Lean teams need this even more. If one engineer is deploying and also handling alerts, the second owner matters a lot. That is especially true in AI-first operations, where fewer people can run more systems only if the handoff and rollback rules are clear.

What to do next

Write this down once, then reuse it. Your definition of ready for infrastructure changes should fit on one page, use plain language, and take only a few minutes to review before a deploy. If the process feels heavy, people will skip it the first time they get busy.

A short checklist usually works better than a long policy. Keep the same ready check for every production change so the team builds a habit. Over time, that consistency matters more than fancy wording.
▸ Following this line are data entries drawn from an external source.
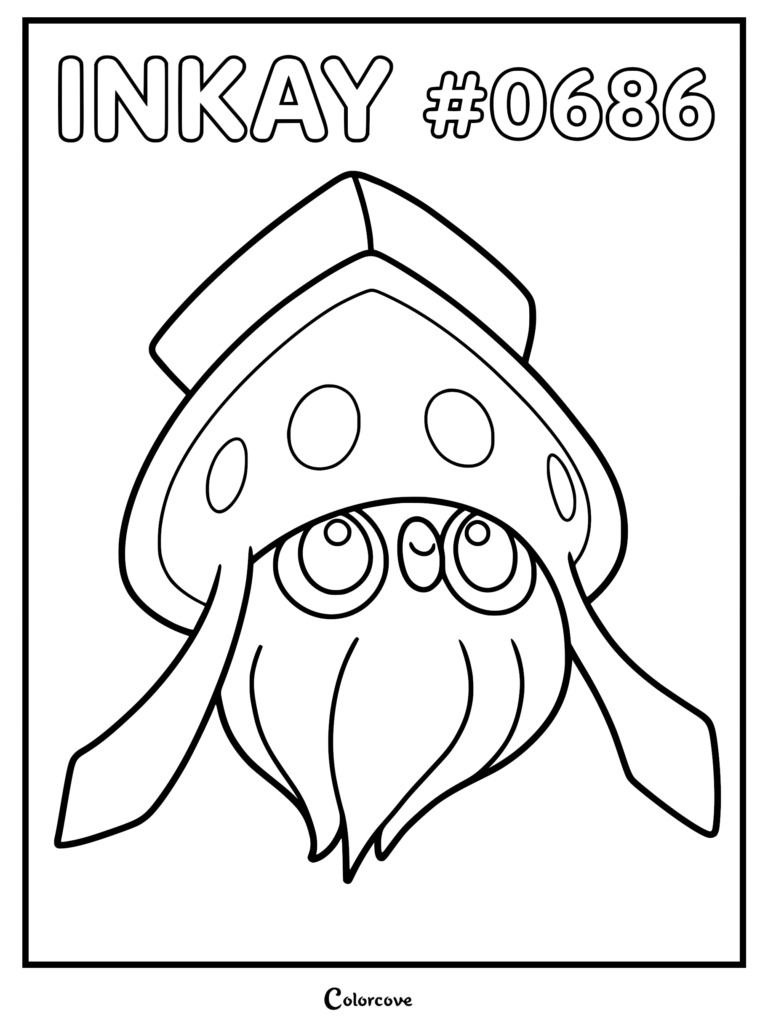 Un coloriage à imprimer du Pokémon de Kalos Venalgue, avec sa tête en forme de calamar et ses tentacules caractéristiques.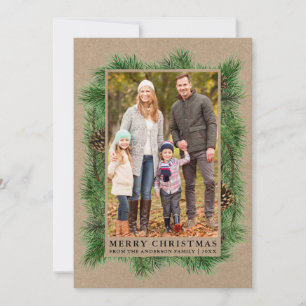 Watercolor Pine Family Photo Kraft Holiday Card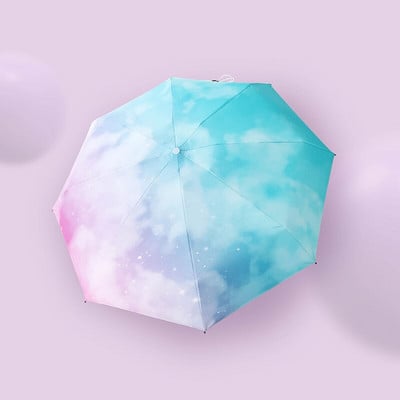 Šareni gradijentni mini kišobran 8 rebara Luksuzni ženski kišobrani Anti UV suncobran 5 sklopivih modnih krema za sunčanje Mali ručni kišobran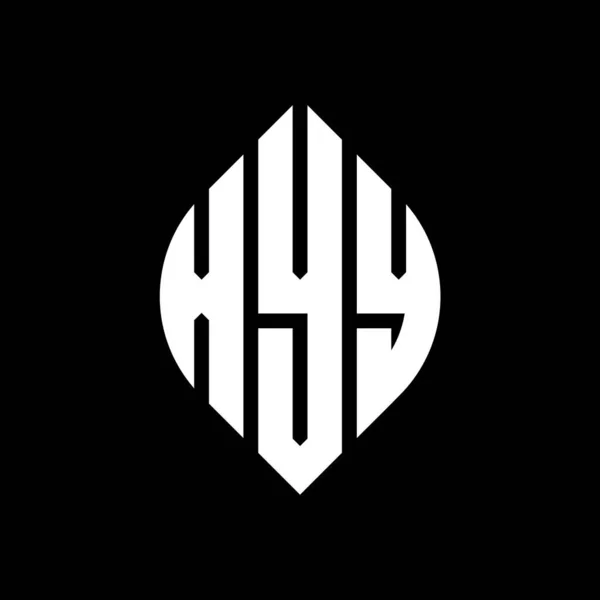 Çember Elips Şekilli Xyt Daire Harf Logosu Tasarımı Tipografik Biçimli — Stok Vektör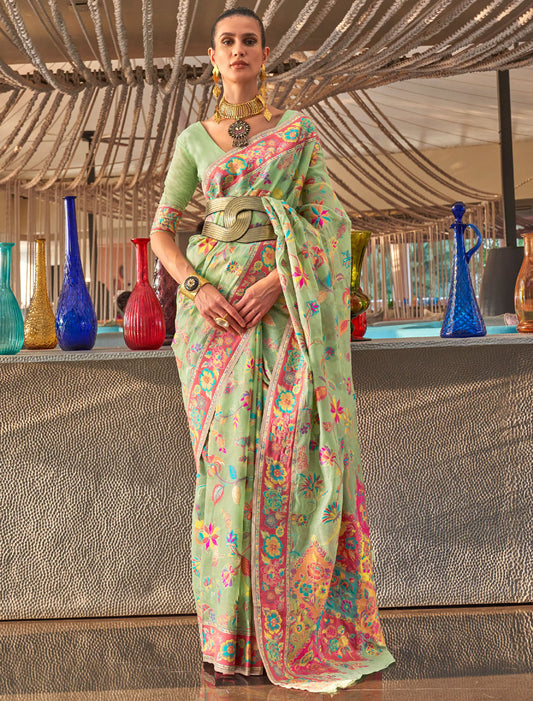Enchanting Women Kashmiri Modal Handloom Weaving Saree
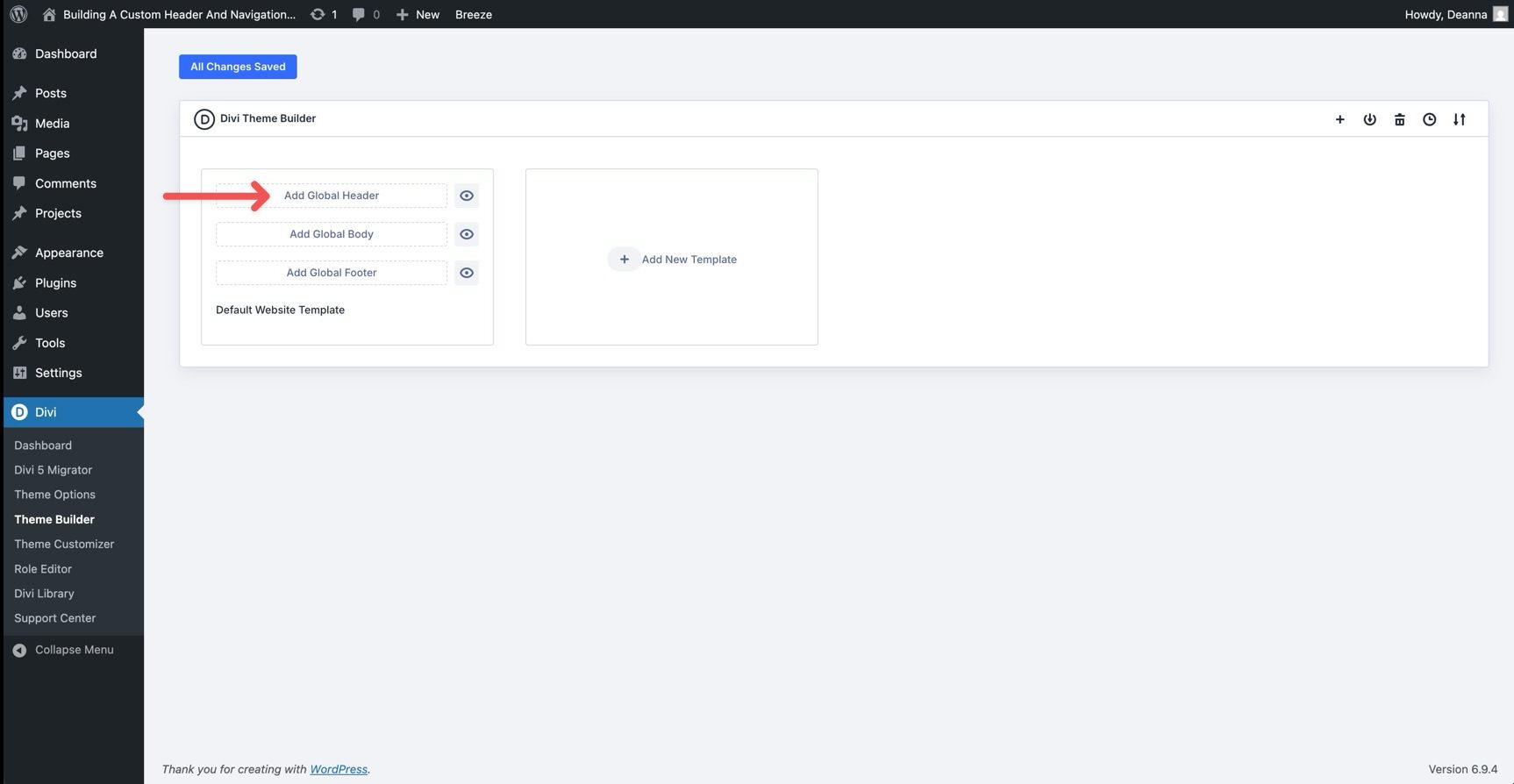 Add Global Header in the Divi Theme Builder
Start with a simple template:

what is changing
how to roll it back
which metrics should move, and which should stay stable
who owns the change, and who covers if they step away

Then make one rule: nobody touches production until those four parts are filled in clearly. No half-written rollback notes. No missing owner. No guessing which dashboard to watch after the deploy.

Teams often overbuild this. Try not to. One page is enough for most changes, especially in a small team. If a request needs three documents and two meetings, the process is too big.
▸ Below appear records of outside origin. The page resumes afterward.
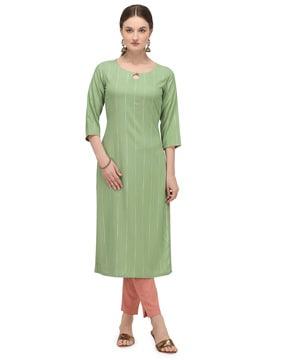 striped round-neck straight kurta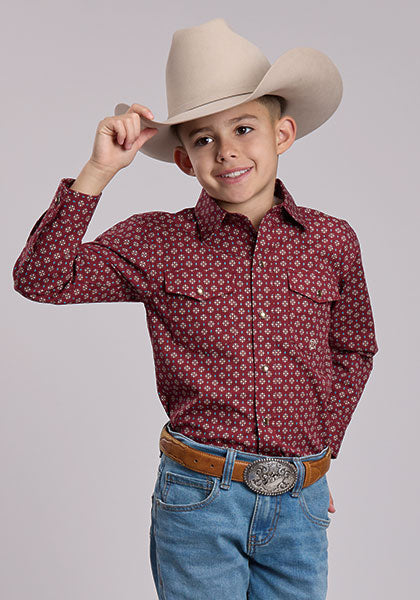 ROPER BOY Amarillo RED LONG SLEEVE BUTTON UP SHIRT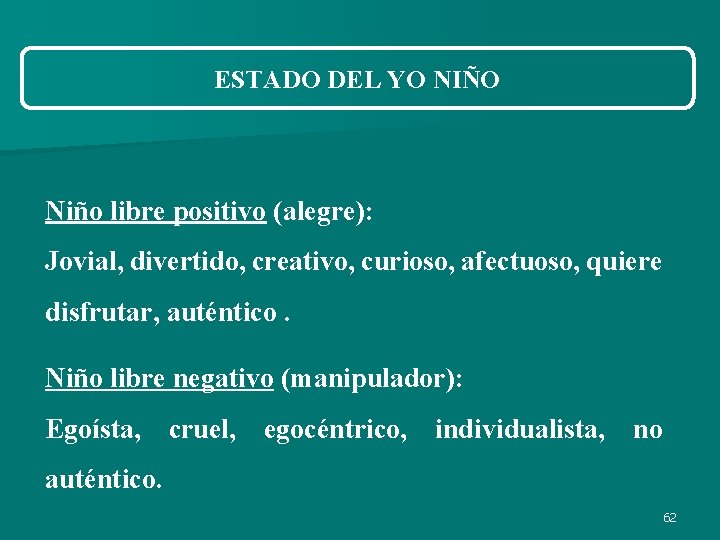 ESTADO DEL YO NIÑO Niño libre positivo (alegre): Jovial, divertido, creativo, curioso, afectuoso, quiere ESTADO DEL YO NIÑO Niño libre positivo (alegre): Jovial, divertido, creativo, curioso, afectuoso, quiere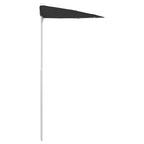 Ombrellone Semicircolare da Giardino con Palo 180x90 cm Nero
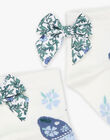 Chaussettes écrues jacquard papillon et fleurs FUCHUETTE / 23E4PFC1SOB001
If you want an outside review, Oleg Sotnikov at oleg.is works as a Fractional CTO and helps startups and small teams tighten production processes without making them heavy. That kind of review is useful when a team ships often, runs lean, or has very little room for mistakes.

A good ready check is boring on purpose. People can read it fast, use it every time, and trust it when production is on the line.
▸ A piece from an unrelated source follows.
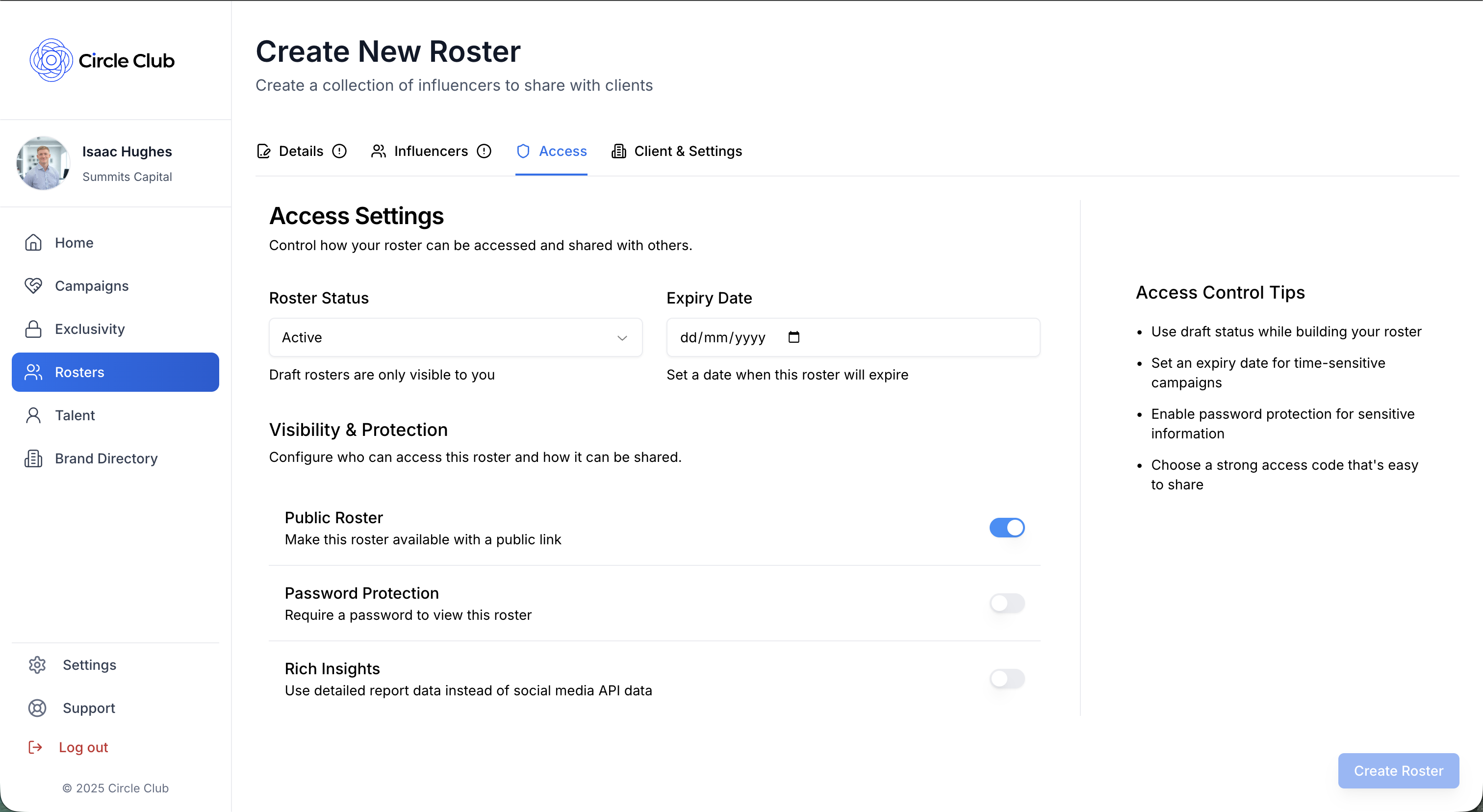 Configure Roster Access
Frequently Asked Questions

What does a definition of ready mean for infrastructure changes?

It is a short standard your team checks before any production work starts. It says what will change, how you will roll it back, which metrics you will watch, and who owns the work if trouble starts.

What should every production change request include?

Keep it simple and concrete. Write one clear sentence about the change, name the systems in scope, state what should improve or stay stable, add rollback steps, set rollback thresholds, and name the lead and backup owners.

Why do rollback steps matter so much?

Because memory fails under stress. Written rollback steps let any teammate revert fast without guessing which command to run, which version to restore, or who makes the call.

How detailed should rollback instructions be?

Write them so a tired teammate can use them at night without asking questions. Include the exact commands, versions, restart steps, who approves the rollback, how long it should take, and what will not return to the old state cleanly.

Which metrics should we check right after a deploy?

Start with user impact, not just server health. Watch error rate, p95 or p99 latency, job duration or queue delay, and one or two real user actions like login, checkout, or report completion.

What makes a good rollback threshold?

Pick a number and a time window before you start. For example, roll back if 5xx errors stay above 2% for 5 minutes or if queue delay rises past your agreed limit. Clear thresholds stop debate when pressure rises.

Who needs to be available during a production change?

You need one lead who runs the change, one backup who can take over fast, and one person who can approve a rollback. All three need to stay reachable for the whole window.

Can a small team skip the backup owner?

No. Small teams need backup coverage even more because one person often handles deploys, alerts, and fixes at the same time. If the lead drops offline, the backup keeps the change from turning into confusion.

When should we postpone a production change?

Block it when any basic part is missing or unclear. If the team cannot explain the change in plain language, show the rollback on screen, name the owners, or agree on the metrics, wait and finish the request first.

Do we need a long process, or is a short checklist enough?

Keep it short enough that people will actually use it. For most teams, a one-page template and a brief live review work better than a long policy nobody reads under pressure.